Ghosts in Town: In the City of Sylvia By Angel Quintana
One of the most unusual director’s in today’s Spanish cinema, José Luis Guerín has been continuously exploring the relationship between the visible and the invisible, between reality and its ghosts, with six films in the last 20 years. In 1990 he decided, for instance, to stay in Ireland for a while in order to shoot the spaces and landscapes where John Wayne and Maureen O’Hara passed by when they were starring in John Ford’s The Quiet Man (1952). Seven years later, following Marcel Proust’s steps, he traveled to a little Norman town looking remotely like Balbec in the search of the specters created by an inexistent home movie made at the beginning of the 20th century, the time when all films consisted of an apparent innocence. The result of all this was Train of Shadows (Tren de sombras, 1997), a film much more focused in the catching of ghosts than in the fixing of tangible things. Four years on from then and 2001 was the time for transporting us into another universe, as he created Work in Progress (En construcción, 2001), a documentary about the demolition of a building at the Barrio Chino of Barcelona, awarded with the FIPRESCI prize and a special mention at the San Sebastian film festival of the same year. While he was filming the ruins of a dying world another unexpected one appeared, a Roman cemetery, allowing him to certainly prove that behind old stones there always will be the remainings of the inhabitants of the past, the dead.
In the City of Sylvia (En la ciudad de Sylvia, 2007) is José Luis Guerín’s most luminous film, as the basic in its nature brings us to the fact that the most probable aim in it is nothing but the search for romantic love. A man, perhaps a painter or a poet, sits in Strasbourg’s cafés, drawing in a scrapbook and looking at women passing by. The flâneur’s sight maybe, the kind of whose silhouetted impressions correspond to Baudelaire’s vision for the urban metropolis of the late 19th century, and whose main goal is to simply stare around as walking by, watching a real world that is made of an increasing number of different fragments. Although not apparent at the very beginning, the film underlines the fact that the man is not following the searching of a certain kind of beauty, neither the worshipped Romantic’s eternal feminine: he is trying to find a woman in particular. Petrarch put something similar out by enouncing that a lost woman’s face is always the reason for scanning other ones. In other words, by staring at her, oneself immediately transforms into someone who is obstinately chasing… a ghost. Sylvia, the woman recalled at Gérard de Nerval’s prose, stayed in the city a few years ago. Our lead character had a relationship with her, but she went away. So she is hiding now, the desired one, in every other face, and at this precise moment the flâneur transforms himself into one of the key figures of the history of film, Scottie, Hitchcock’s Vertigo (1958) lead role, the man who desires a woman’s dead body. Back again into a ghost story, then; as it is brought out once more in Guerín’s films, as he is continuously charting the essence of film itself.

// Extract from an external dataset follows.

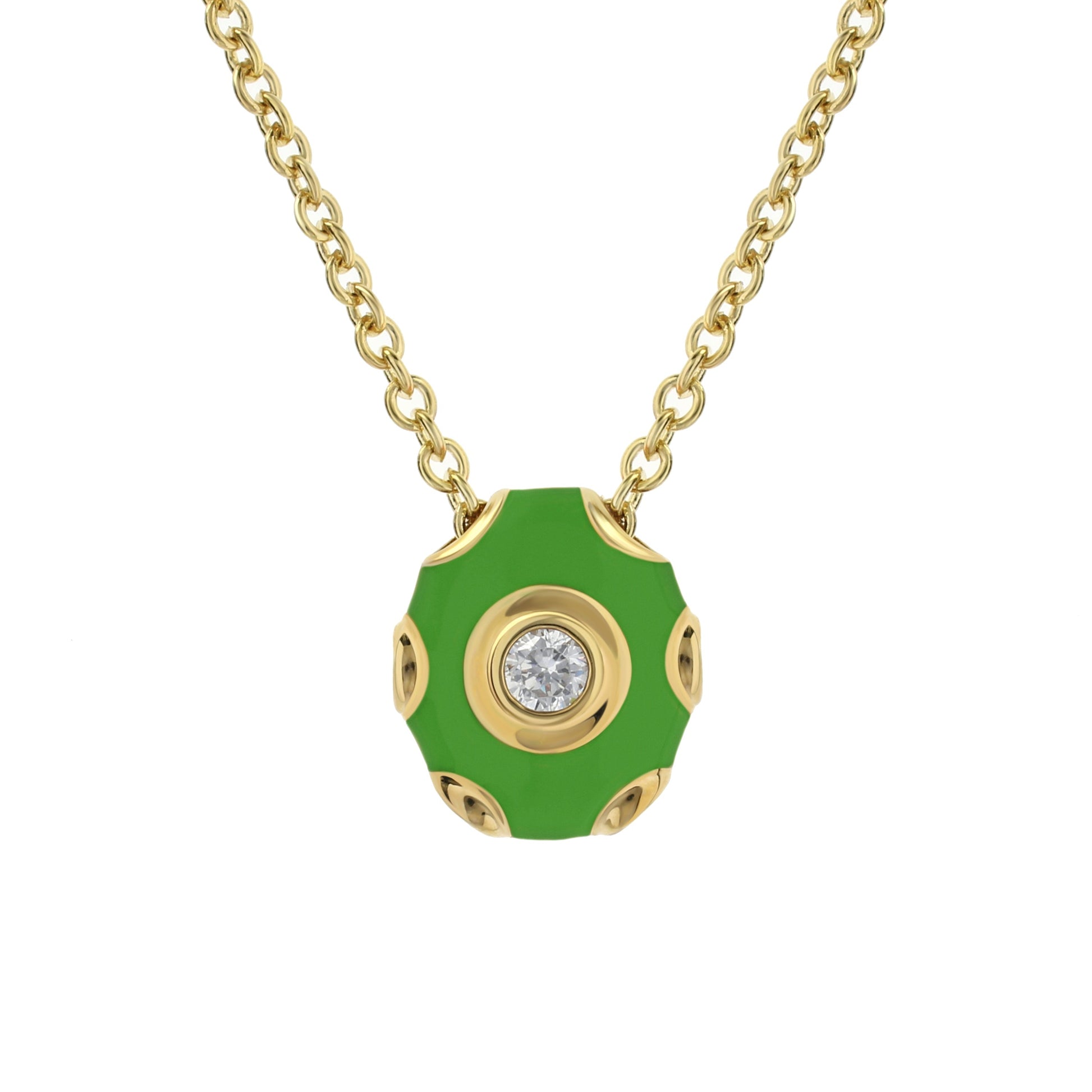 Tiny Dots Necklace green polygon pendant with crystal on gold chain by Lauren G Adams on Tampa Home & Garden Store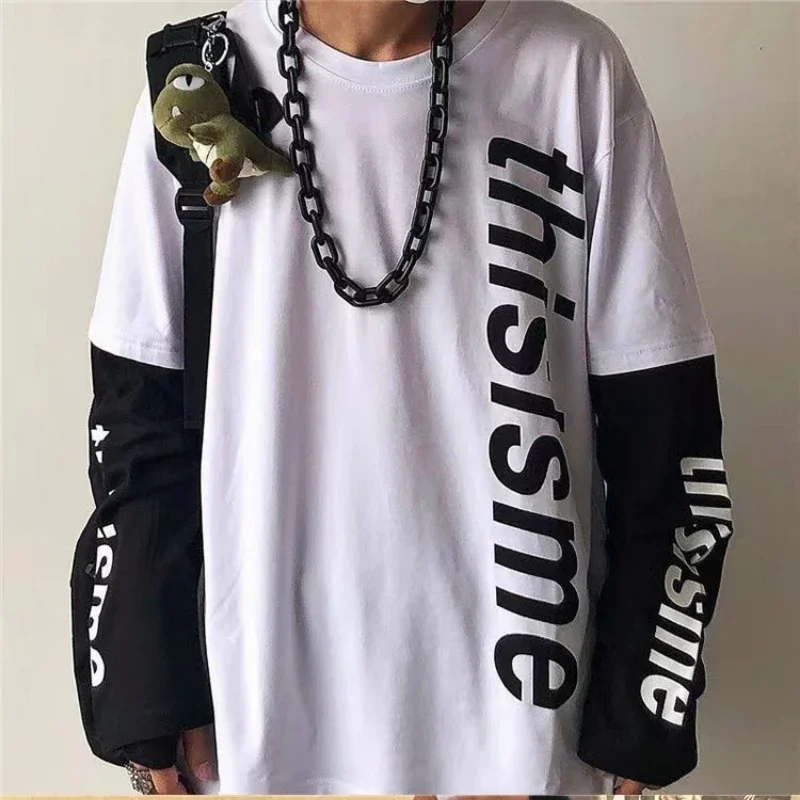 

Man Oversized Tshirt Summer Men clothing Unisex Long sleeve tee Streetwear Harajuku Goth Punk Tops Dark Y2k Loose Anime T-Shirts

Work in Progress showed us ghosts who were coming out from the ruins of a real town. In the City of Sylvia includes them at its urban essence from the very beginning, the reason provoking this impregnation being the sublimation of the real city. Guerín shoots around Strasbourg streets in summer time. Directions are remarked to be very important from the very first moments of the film, thanks to the open map on a table that acts as a solid navigating key. The city looks real. The terraces of the cafés are full of people, trams continuously cross its biggest avenues, some Pakistanis are selling the usual flowers and even a beggar passes by collecting empty glass bottles. The physical city turns into a labyrinth, where a Sylvia lived: she existed and she is still being haunted by a man who desired her but still is in love — perhaps he is just fascinated by these pictures of her. The labyrinth becomes much more complicated as the poet cannot find the Minotaur, the one which would show him the exit. The city’s evolution finishes by transforming it into an ethereal entity, as an image alluding to a dream. A luminous woman from the past gives her way to a group of ghosts while the apollonius beauty masking a deformed face reveal something troubling emanating from its scars.

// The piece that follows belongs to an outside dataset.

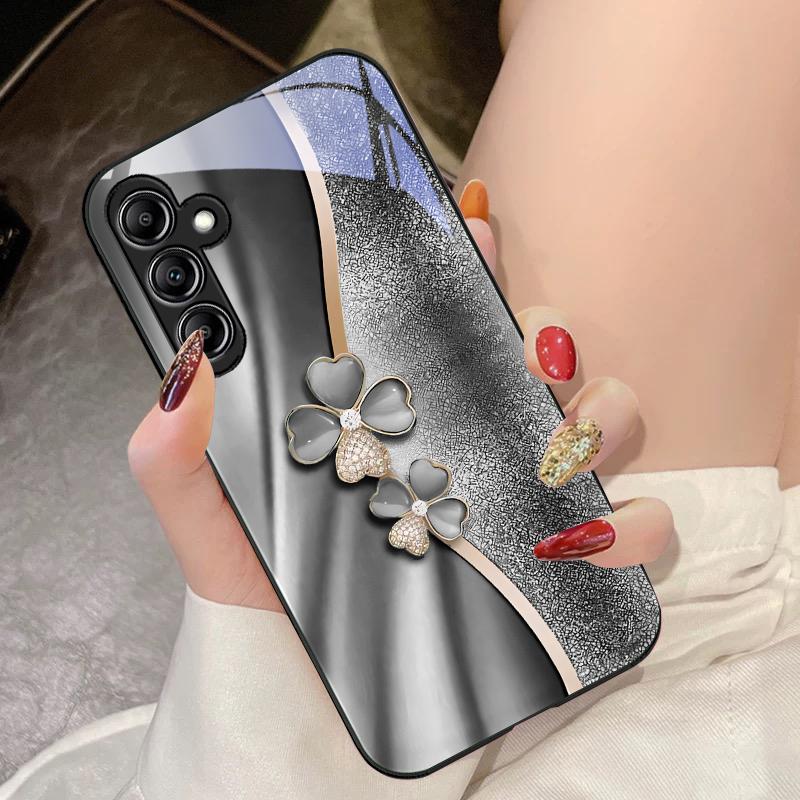 Luxury Four Leaf Clover For Samsung Galaxy A14 4G 20 30 52 20S 21S 22 A32 33 34 42 50 51 53 54 70 71 72 73 5G Glass Phone Case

In the City of Sylvia is the real big sensation of the latest Venice Film Festival, a radical work almost without any words in it, a film structured by the musical sense of the sounds of life that it contains, which invites the audience to stare at the world from a different point of view in order to explore the beginning of everything, that is, those magic moments when a boy and a girl start to look at each other.